### [Input for this task]

--

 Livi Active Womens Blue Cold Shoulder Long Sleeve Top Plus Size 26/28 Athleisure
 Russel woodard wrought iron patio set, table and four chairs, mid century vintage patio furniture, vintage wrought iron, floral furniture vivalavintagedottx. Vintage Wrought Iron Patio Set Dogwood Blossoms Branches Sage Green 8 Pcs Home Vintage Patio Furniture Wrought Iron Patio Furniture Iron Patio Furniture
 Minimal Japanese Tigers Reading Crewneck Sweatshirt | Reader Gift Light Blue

--

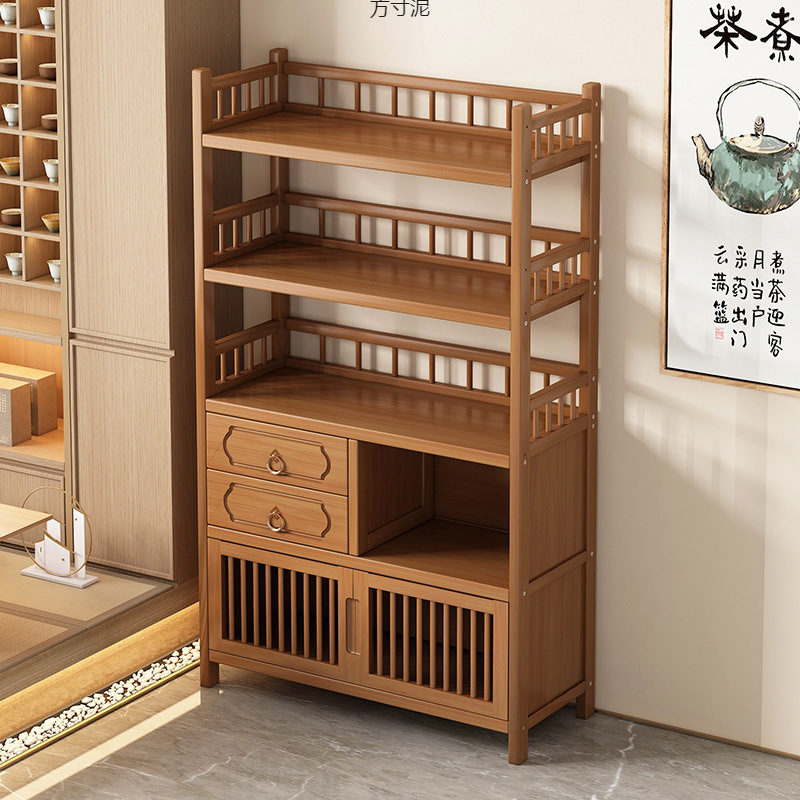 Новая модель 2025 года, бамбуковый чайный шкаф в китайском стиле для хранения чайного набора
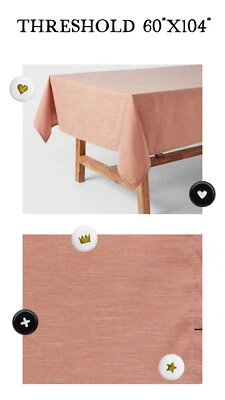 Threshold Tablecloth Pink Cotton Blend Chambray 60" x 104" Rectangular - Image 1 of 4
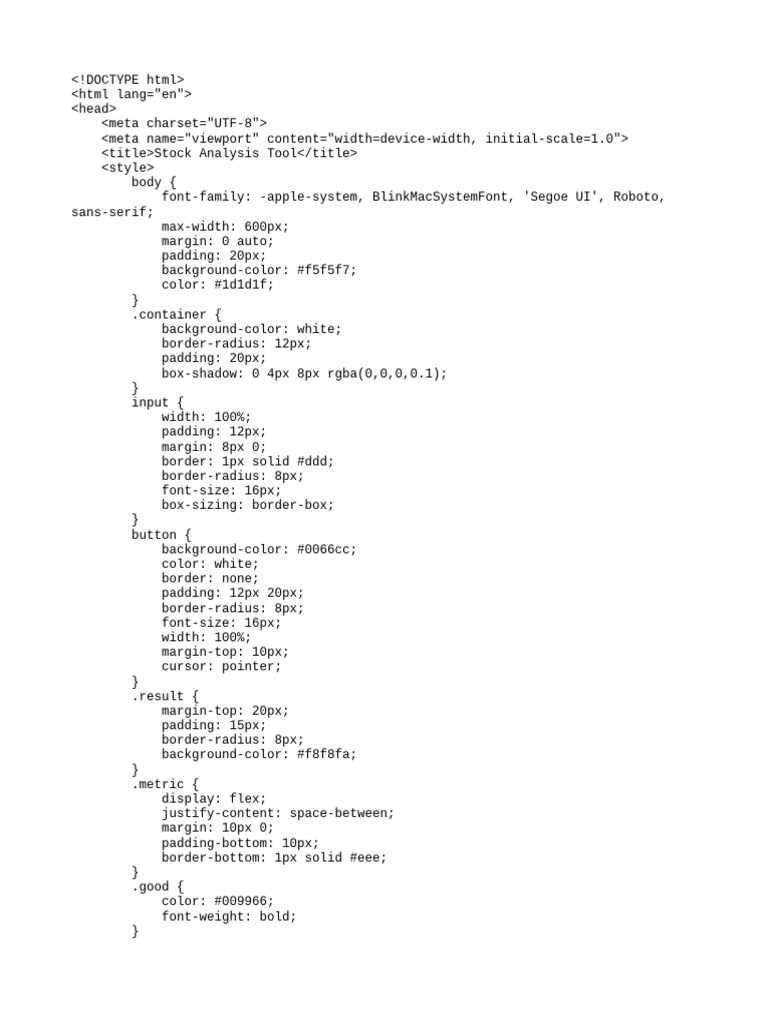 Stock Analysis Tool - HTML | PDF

--

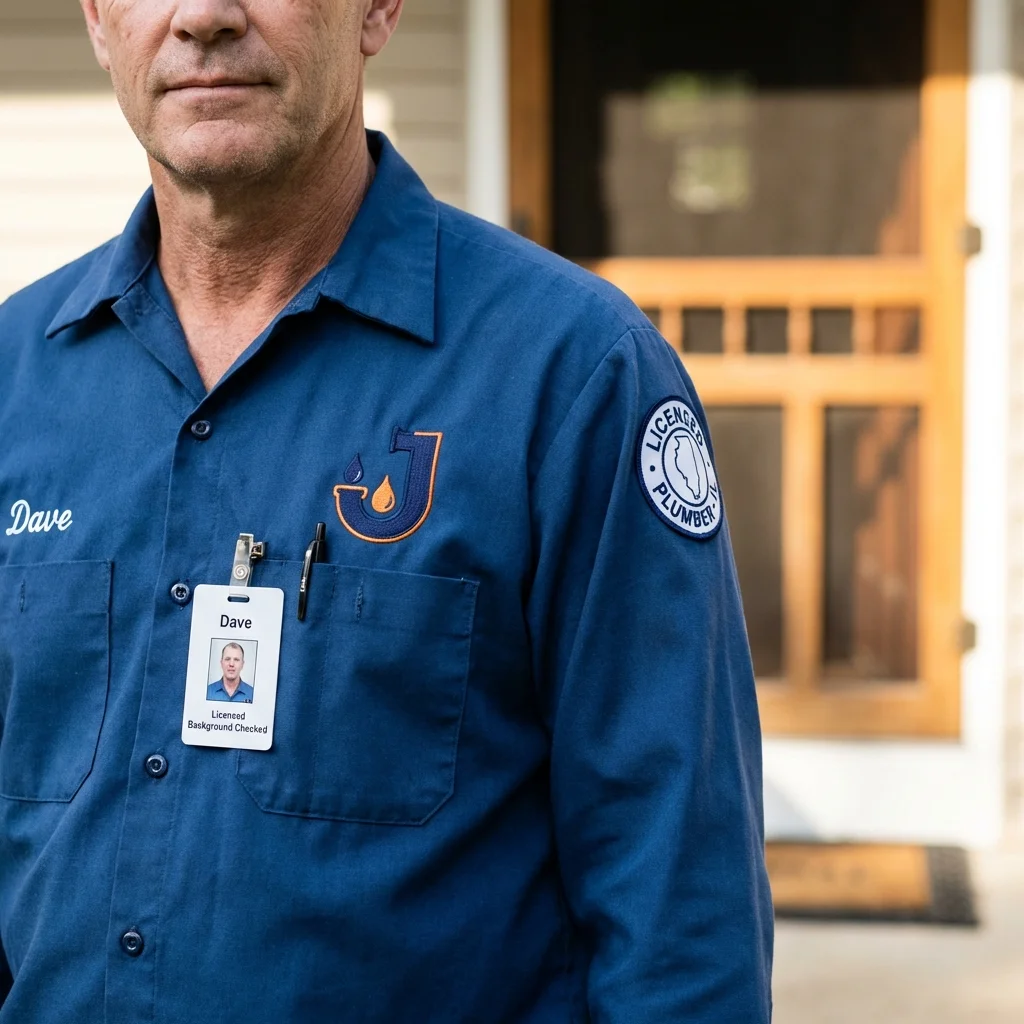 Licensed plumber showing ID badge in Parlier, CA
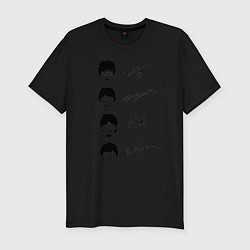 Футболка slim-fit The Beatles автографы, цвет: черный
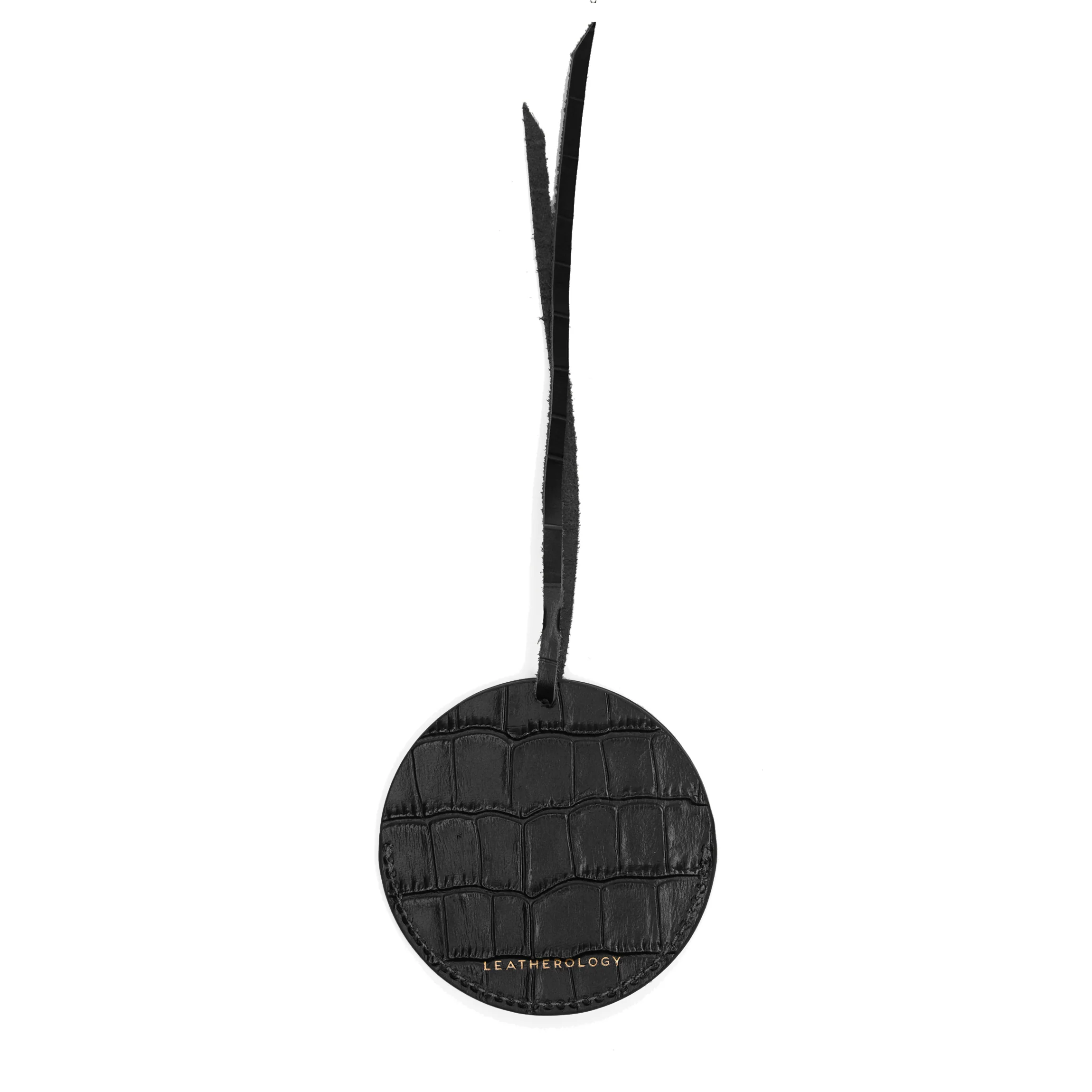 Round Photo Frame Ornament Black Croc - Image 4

--

### [To do]
Of the lines above, retype only those from the line containing "Livi Active Womens" through the line containing "Minimal Japanese Tigers", including both, exactly.

### [Answer]
 Livi Active Womens Blue Cold Shoulder Long Sleeve Top Plus Size 26/28 Athleisure
 Russel woodard wrought iron patio set, table and four chairs, mid century vintage patio furniture, vintage wrought iron, floral furniture vivalavintagedottx. Vintage Wrought Iron Patio Set Dogwood Blossoms Branches Sage Green 8 Pcs Home Vintage Patio Furniture Wrought Iron Patio Furniture Iron Patio Furniture
 Minimal Japanese Tigers Reading Crewneck Sweatshirt | Reader Gift Light Blue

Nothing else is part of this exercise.